Ainda nesse sentido, a Constituição chilena de 1980 também previa um sistema eleitoral binominal de deputados e senadores. Entre muitas outras, a legislação reforçou mais ainda a supressão de partidos políticos, favorecendo apenas os partidos de direita.
Dificuldade de movimentação
Ao fim do governo de Pinochet, o Chile voltou a ser governado por partidos democráticos, não mais por um regime autoritário. Os novos líderes, no entanto, tiveram de aceitar a Constituição já vigente, ainda que ela tivesse sido escrita na Ditadura.
Desde 1980, então, a Carta Magna acabou sofrendo diversas emendas. Em 2005, por exemplo, uma grande reforma no texto retirou múltiplos princípios antidemocráticos do documento. Ficou decidido, por exemplo, que os senadores passariam por eleições.

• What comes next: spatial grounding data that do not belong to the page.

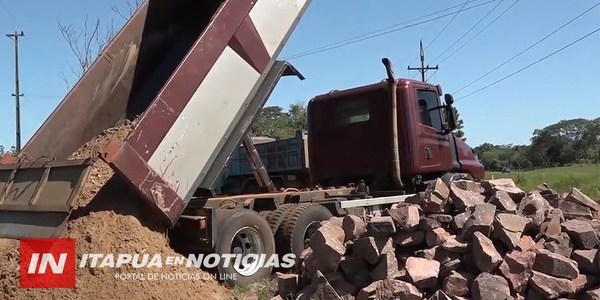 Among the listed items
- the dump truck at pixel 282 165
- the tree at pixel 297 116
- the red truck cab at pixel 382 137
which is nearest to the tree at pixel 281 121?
the tree at pixel 297 116

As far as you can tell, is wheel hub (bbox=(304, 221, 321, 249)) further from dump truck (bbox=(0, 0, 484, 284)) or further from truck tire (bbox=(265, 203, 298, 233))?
truck tire (bbox=(265, 203, 298, 233))

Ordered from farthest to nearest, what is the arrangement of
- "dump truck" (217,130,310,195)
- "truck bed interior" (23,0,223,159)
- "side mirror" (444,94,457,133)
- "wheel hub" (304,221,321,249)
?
1. "dump truck" (217,130,310,195)
2. "side mirror" (444,94,457,133)
3. "wheel hub" (304,221,321,249)
4. "truck bed interior" (23,0,223,159)

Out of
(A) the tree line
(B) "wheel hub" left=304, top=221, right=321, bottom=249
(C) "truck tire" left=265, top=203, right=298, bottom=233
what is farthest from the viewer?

Mais tarde, a socialista Michelle Bachelet, em seu segundo mandato presidencial, fez com que a eleição binominal fosse trocada por um sistema proporcional moderado. Assim, ela acabou por garantir uma maior representação de diversas forças políticas.
Próximos capítulos
Em 2018, o próprio presidente Sebastián Piñera afirmou que não permitiria a revisão do projeto de lei que pede pela reforma da Constituição, apresentado por Bachelet.
Os protestos populares no Chile começaram no final do ano passado, quando manifestantes protestaram contra o aumento do de preço das tarifas de transporte público. Com isso, o governo até chegou a endurecer a onda de manifestações com a Lei de Segurança de Estado, mas nem isso conteve o comportamento do povo.
O presidente Sebastián Piñera até voltou atrás pedindo perdão, e finalmente cancelou o aumento, mas, a resposta foi essa: o Chile permaneceu em chamas, em busca de mais. No último final de semana, os atos completaram um ano. A data foi marcada com incêndio causado por alguns manifestantes em duas Igrejas na Praça Itália.
Agora, com um forte movimento de manifestantes, que têm diversas reivindicações, o governo chileno convocou plebiscito para estudar a redação da Constituição. Um ato histórico que derruba a herança da ditadura marcada por episódios insólitos.
A aprovação tende visar a participação equitativa de mulheres na formulação da nova Constituição, e também a diminuir a desigualdade social no país que, apesar de deter a maior renda per capita da América Latina, é um fator social muito marcante no Chile.
Resta, então, acompanhar os próximos desdobramentos dessa saga legislativa.